Identity Crisis




Identity Crisis, is a series of props, made in order to build an immersive environment holding “identity” together. The project brings to light, my own personal confusion and struggle, evaluating the meaning of identity. The installation consists of seven metal sculptures, each of which aims to re-examine identity and along, the notion of authenticity, through a forged theater. Steel and brass are used symbolically on the sculptures, while being trapped in nylon foil.
The sculptures pulse with an undercurrent of movement, trapped in the eternal cycle of growth, decay, and everything in between. I’m working on the project as a theater where the play is written by myself with the sculptures as actors reflect on contemporary society, often provoking us by presenting our online identities as the myths of our time. Under Antonin Artaud’s phrase “I call for actors burning at the stakes, laughing at the flames” in Le Théâtre et son Double; there’s a moment when you catch a glimpse of yourself in them, but then, paradoxically, you encounter the complete opposite: an estrangement so foreign, yet irresistibly magnetic.

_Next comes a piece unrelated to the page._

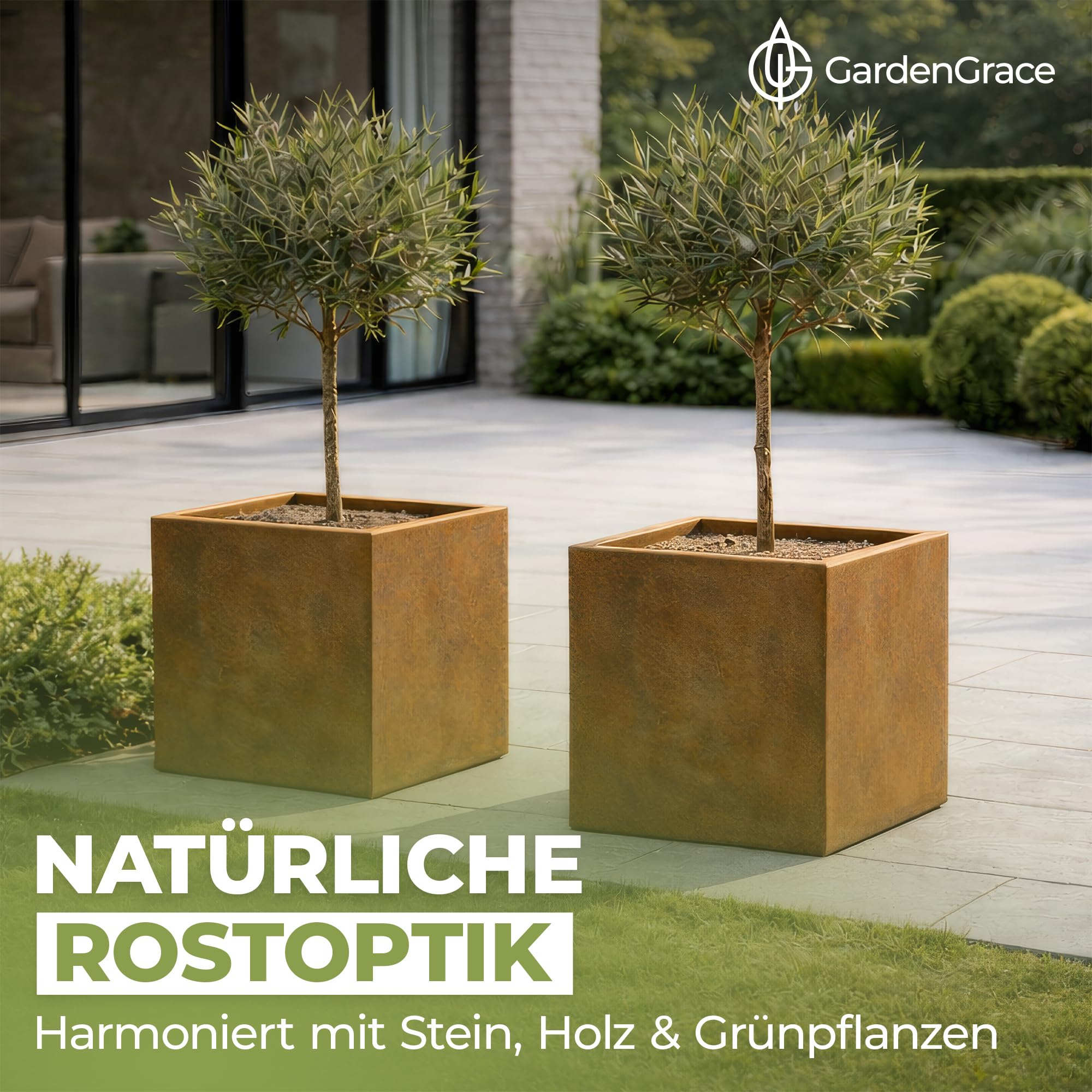 GardenGrace Pflanzkübel Cortenstahl, Quadratisch, Rost-Optik, Extra Stabil 2mm Dicke, Bereits Gerostet (40x40x40)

Nowadays, we face an alternation of the concrete idea of what a self, an identity, an authentic character means. These exact, once concrete, concepts go through a period of crisis. In Greek, word crisis means revision, something ceases to be original and turns into something new, without knowing its “destination”. The project analyses and stays with the process of identity under the commonly used phrase “identity crisis” which brings the two notions together. Drawing on Greek culture and contemporary European tensions, this work pays tribute to a succession of political occasions that influenced my own perspective on politics of identity.
Along, it uses narratives of beauty, masculinity, sex-provocation and eroticism; it explores them examining classical ideals of objects and figures, mirroring our contemporary values against a reservation of characteristics and elements that would be canonically considered as extravagant.